In his book, Hope for Judas, Jesuit Father Christoph Wrembeck has a picture from a 12th-century church in France.
Carved into the block of stone atop one of the towering columns, there are two depictions of Judas Iscariot.
The first shows an agonized Judas hanging himself as the Gospel of Matthew reports. The other is the Good Shepherd, but instead of carrying the lost sheep across His shoulders, Jesus is bearing the body of Judas.
Spending time with that image, one can easily conclude that, more than just a lifeless corpse, it was Judas at peace.
He even had the slightest smile.
I couldn’t get that image of Jesus carrying Judas home out of my head. It disturbed me in the old sense of that word — caused confusion, tumult, disorder.
I had always been taught that Judas betrayed Jesus, sold Him out for 30 pieces of silver, and then in despair, killed himself. In one horrible night, he moved from the path of the Lord to the express lane to hell.
But then there is this Good Shepherd. It was a parable in stone that showed the love, the mercy and the endless forgiveness of God more vividly than any lost sheep, lost coin or lost son.
Jesus had to see something in Judas from the very beginning. He chose him as one of the Twelve, and I’d bet it wasn’t because the Lord thought he would make a great traitor.
Either Jesus or His fellow disciples selected him to hold the community purse.

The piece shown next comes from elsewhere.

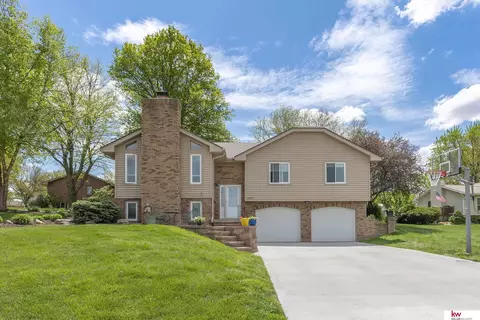 14514 Elder Cir, Plattsmouth, NE 68048
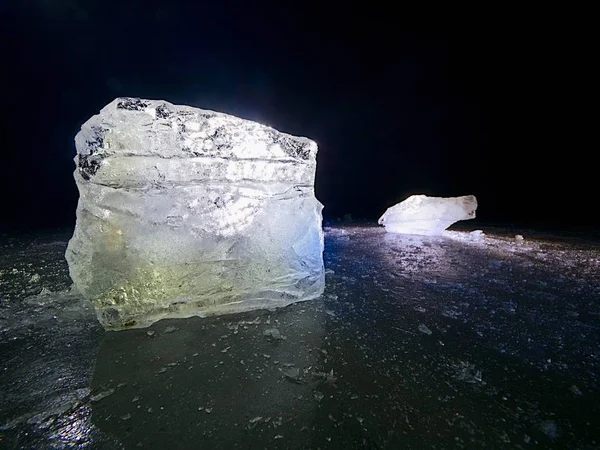 Karanlık Doğal Zemin Üzerine Mavi Gölgeler Parça Buz Arka Işık — Stok fotoğraf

He must have been trusted.
Certainly, Judas didn’t understand the kingdom Jesus announced, but neither did James and John, or any of the others who were concerned about the seating around an earthly throne.
Judas probably saw a messiah like most people did — a temporal king, liberator of the Jews, conqueror of the Romans and ruler of the world.
Jesus wasn’t supposed to die. He was the invincible One. Judas just wanted to get the revolution rolling.
He was wrong, dead wrong. He had handed over the man Who called him “Friend.” He was haunted by what he had done. Only a rope and a tree could relieve him from the searing grief and remorse.
Then, in the darkness of death, comes his Friend, bursting warm and glorious from His grave. He picks up the body of Judas and gently places it across His saving shoulders and carries him toward the light.
Judas finally understands and smiles in gratitude.